The authors thank the Ulm University Center for Translational Imaging MoMAN for its support Technical support from Philips Healthcare is gratefully acknowledged.

References

[1] Schiffman E, Ohrbach R, Truelove E, Look J, Anderson G, Goulet JP, et al. Diagnostic criteria for temporomandibular disorders (DC/TMD) for clinical and research applications: recommendations of the international RDC/TMD consortium network and orofacial pain special interest group. J Oral Facial Pain Headache 2014; 28: 6–27.

[2] Abolmaali ND, Schmitt J, Schwarz W, et al. Visualization of the articular disk of the temporomandibular joint in near-real-time MRI: feasibility study. Eur Radiol. 2004;14:1889–1894

[3] Wundrak S, Paul J, Ulrici J, Hell E, Rasche V. A small surrogate for the golden angle in time-resolved radial MRI based on generalized fibonacci sequences. IEEE Trans Med Imaging 2014;34.

Figures

Figure 1: Visualization of jaw-opening from the position of habitual occlusion. The condyle (dotted arrow) was blocked from moving in a more anterior position by the articular disc (solid arrow), with the locking of the joint depicted in C.

Figure 2: When starting the movement from a protrusive mandibular position, the sliding window reconstruction with a frame rate of 125 ms allowed the visualization of the repositioning of the condyle (dotted arrow) on the articular disc (solid arrow) (B-E) with subsequent full opening of the mandible (G). During the closing motion the condyle can once again be observed to slip down from the articular disc (J-L).
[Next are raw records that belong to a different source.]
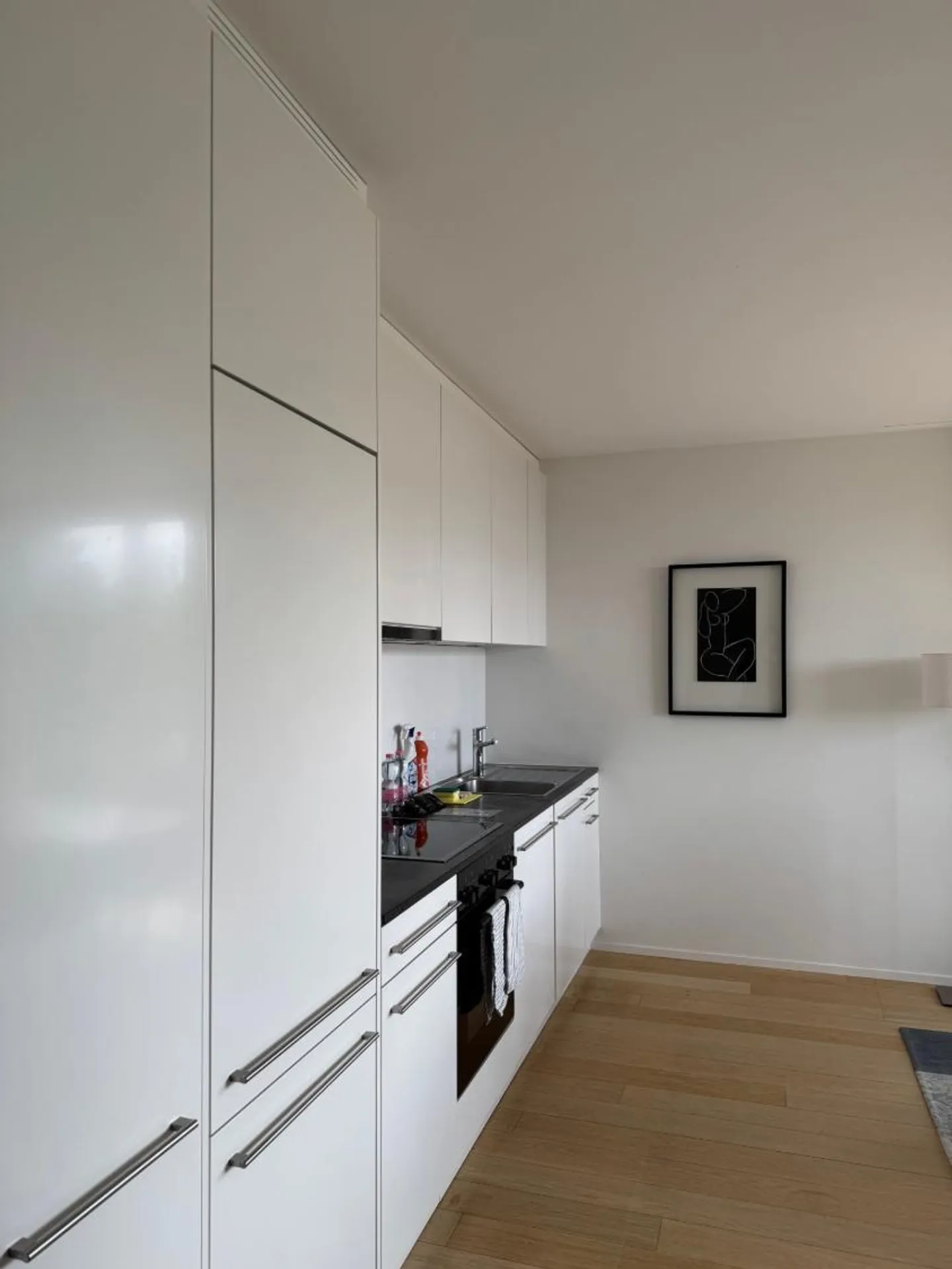 Appartement moderne avec terrasse - Photo 5 sur 13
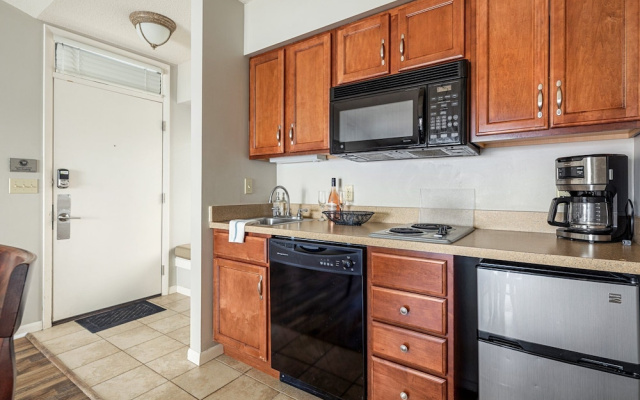 Stunning Lake Views The Shores 5577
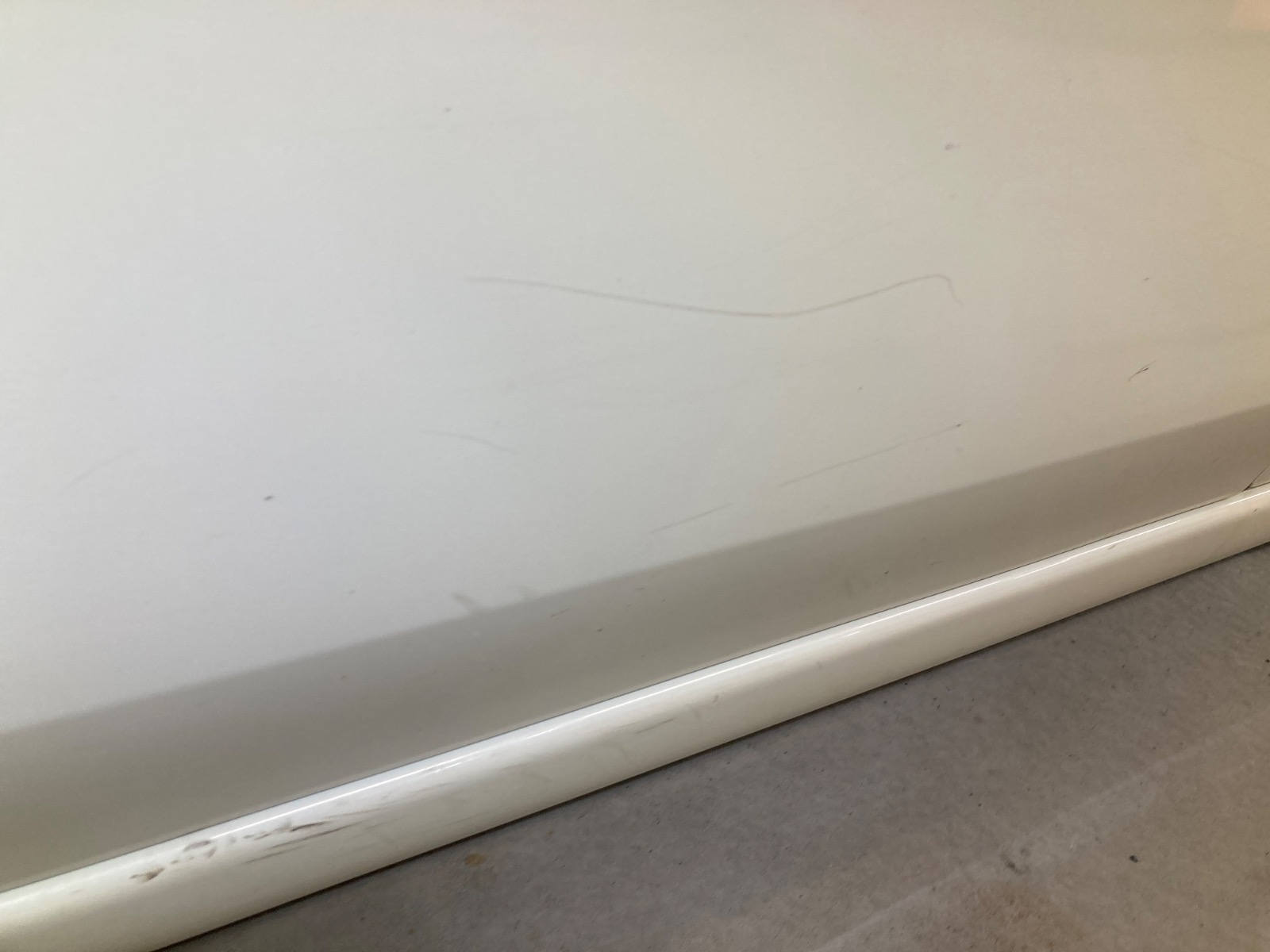 キズ・ヘコミ_16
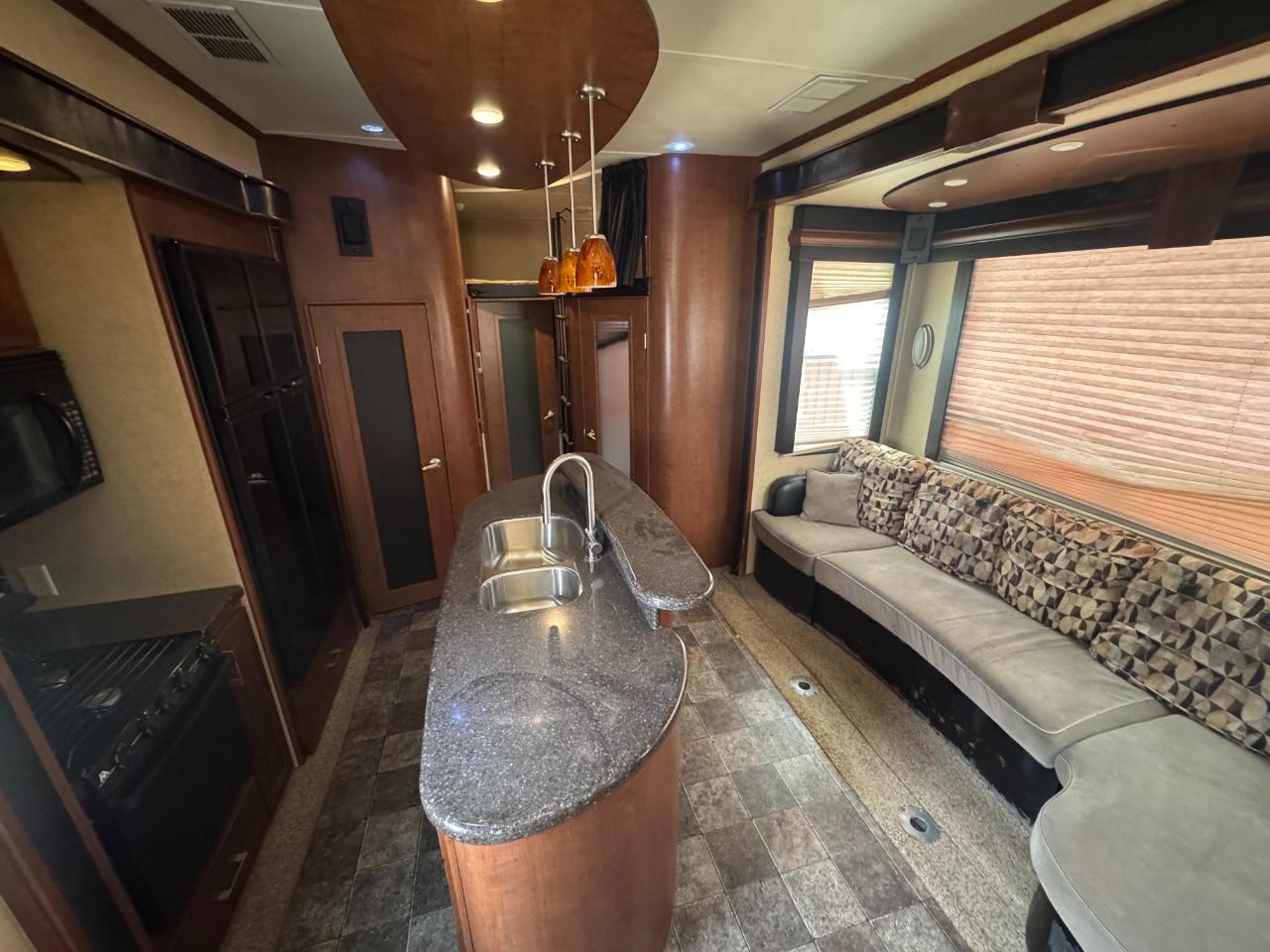 Dutchmen Voltage V Series  2012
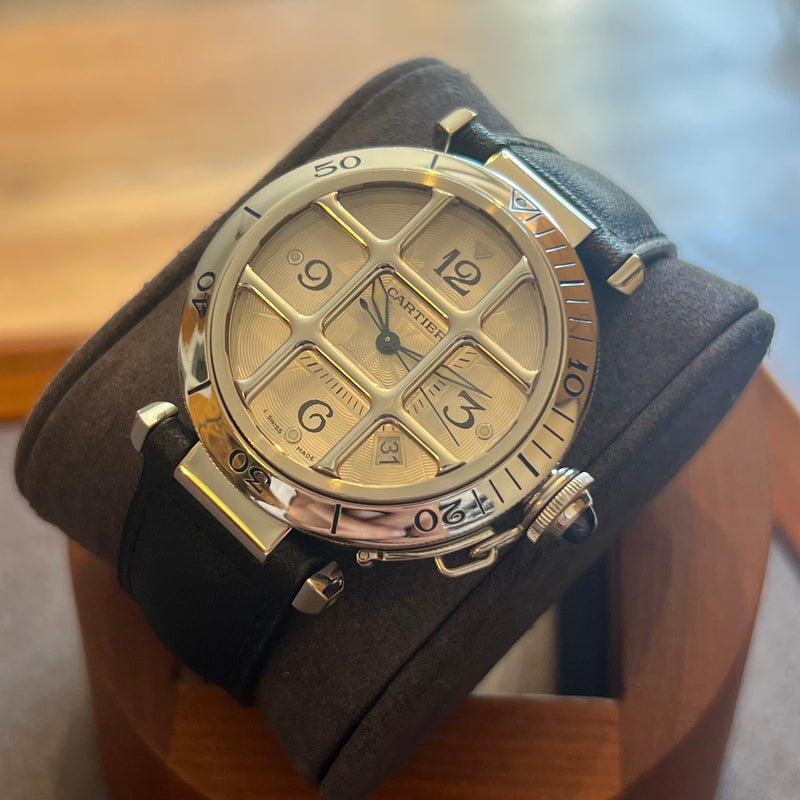 Cartier Pasha Grille Automatic Date 2379-W3104055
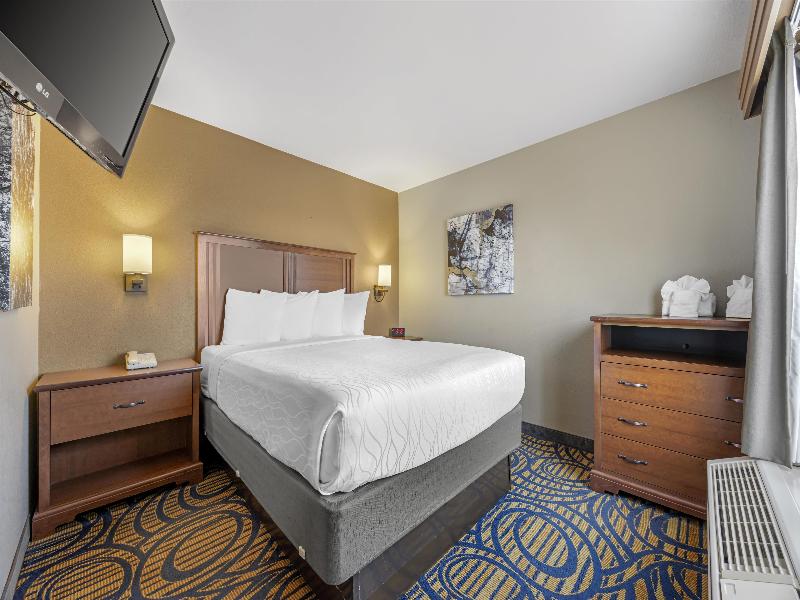 Best Western Woodburn image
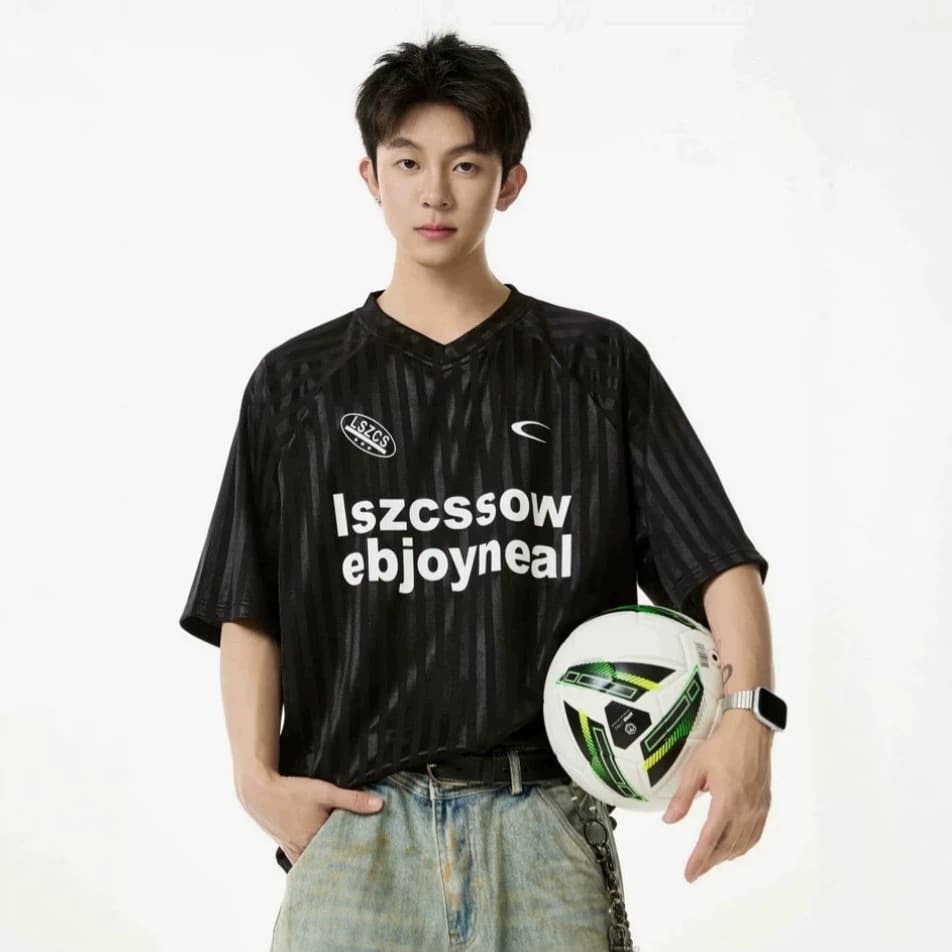 Short Sleeve Men's T-Shirt V-Neck Football Style Top Vertical Stripes Letter Print Loose Quick-Dry Two Colors Wholesale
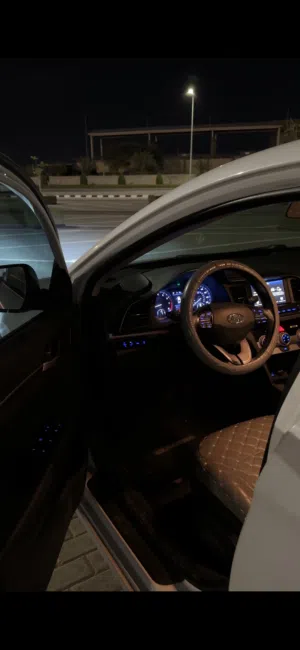 جاهزة إلنترا 2019 – اقتصادية ومريحة للاستخدام اليومي Hyundai Elantra 2019 for Daily Rent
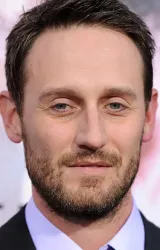 Джош Стюарт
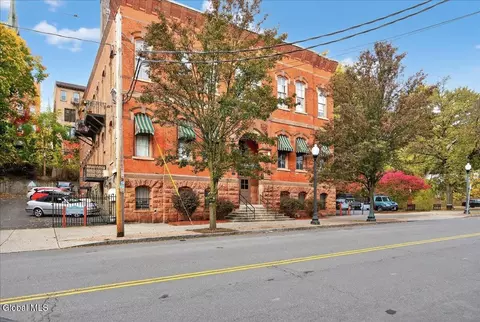 206 N Pearl St #204, Albany, NY 12207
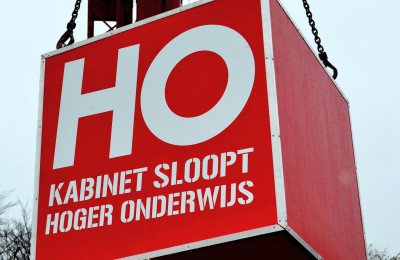 Sloopkogel met tekst 'HO Kabinet sloopt hoger onderwijs'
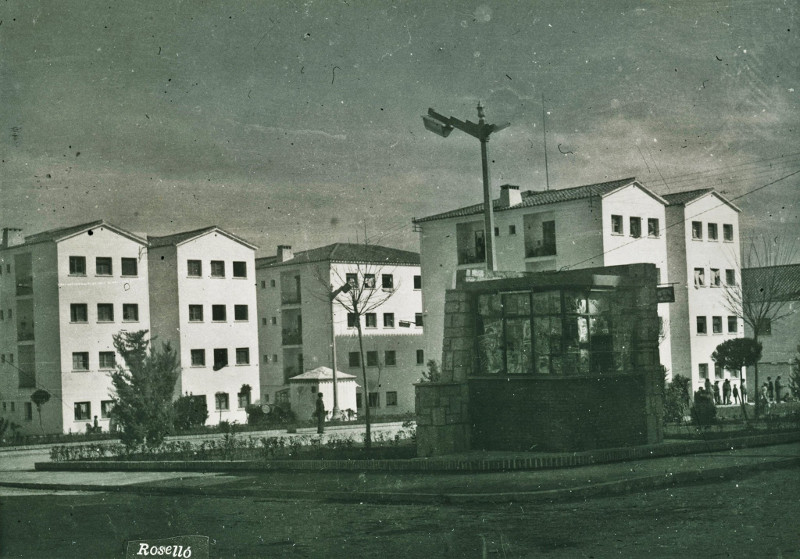 Plaza de la Igualdad - Plaza de la Igualdad. Foto antigua. Fotografía de Jaime Roselló Cañada. Archivo IEG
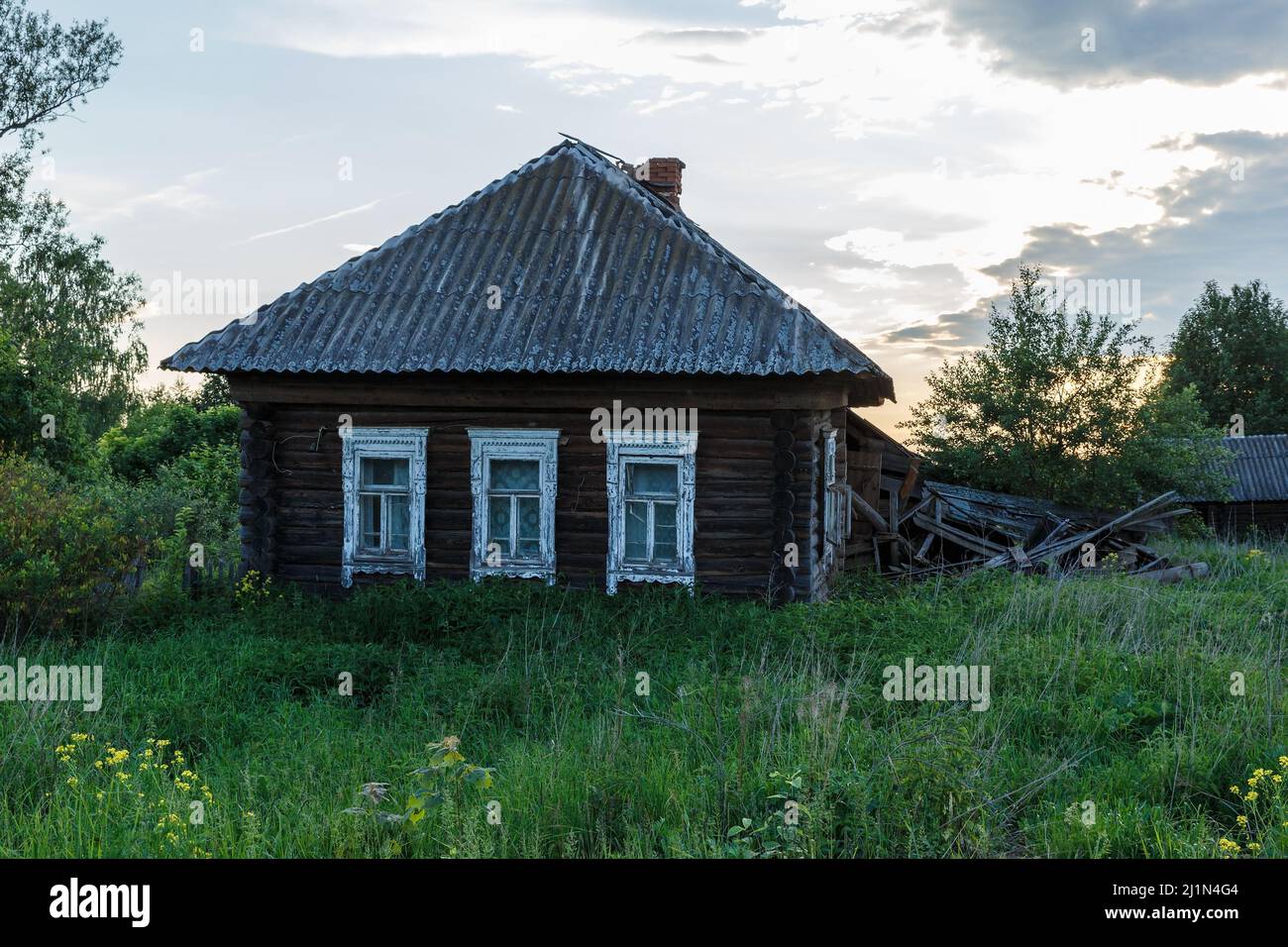 old abandoned wooden house in the Russian village Stock Photo - Alamy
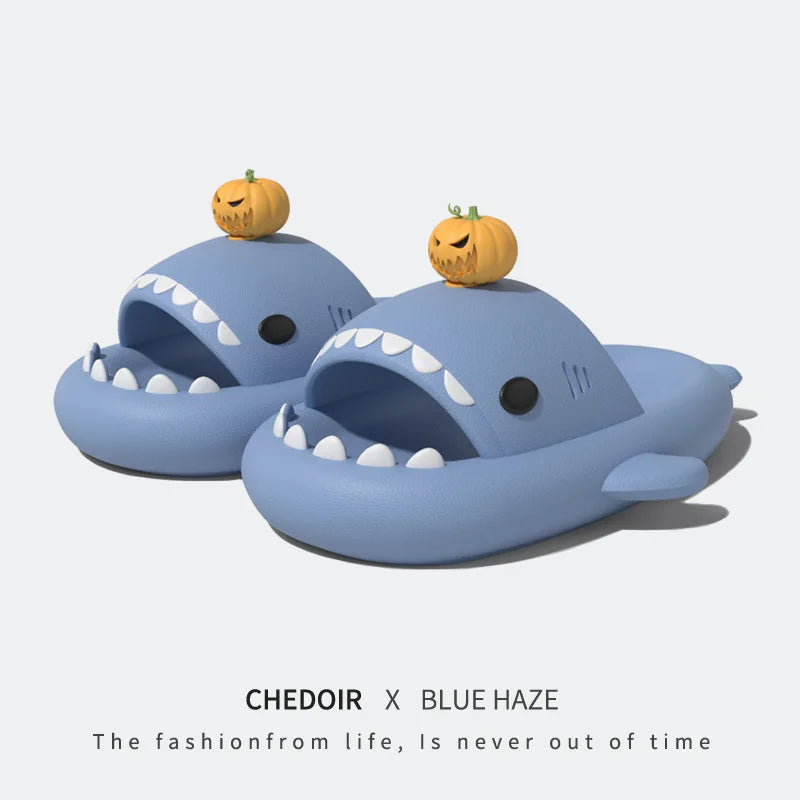 🦈 Luminous Christmas Shark Slippers – Fun non-slip EVA sandals for men & women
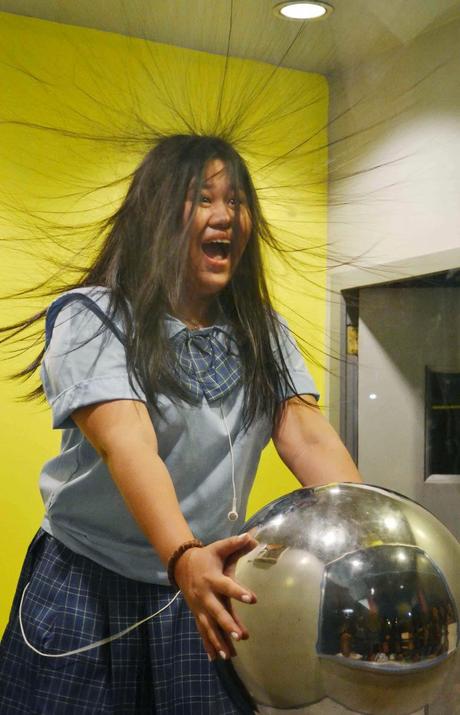 Van Degraaff Generator: Philippine Science Centrum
Figure 3: Visualization of the jaw motion with an incorporated occlusal splint. Starting in a therapeutic, more anterior and caudal initial position with the condyle (dotted arrow) already positioned on the articular disc (solid arrow), no additional repositioning or disc displacement was observed during the entire motion of the jaw.

Figure 4: Follow-up scan without splint after 77 days of treatment showed stable repositioning of the condyle (dotted arrow) on the articular disc (solid arrow). No additional repositioning or disc displacement was observed during the entire motion of the jaw.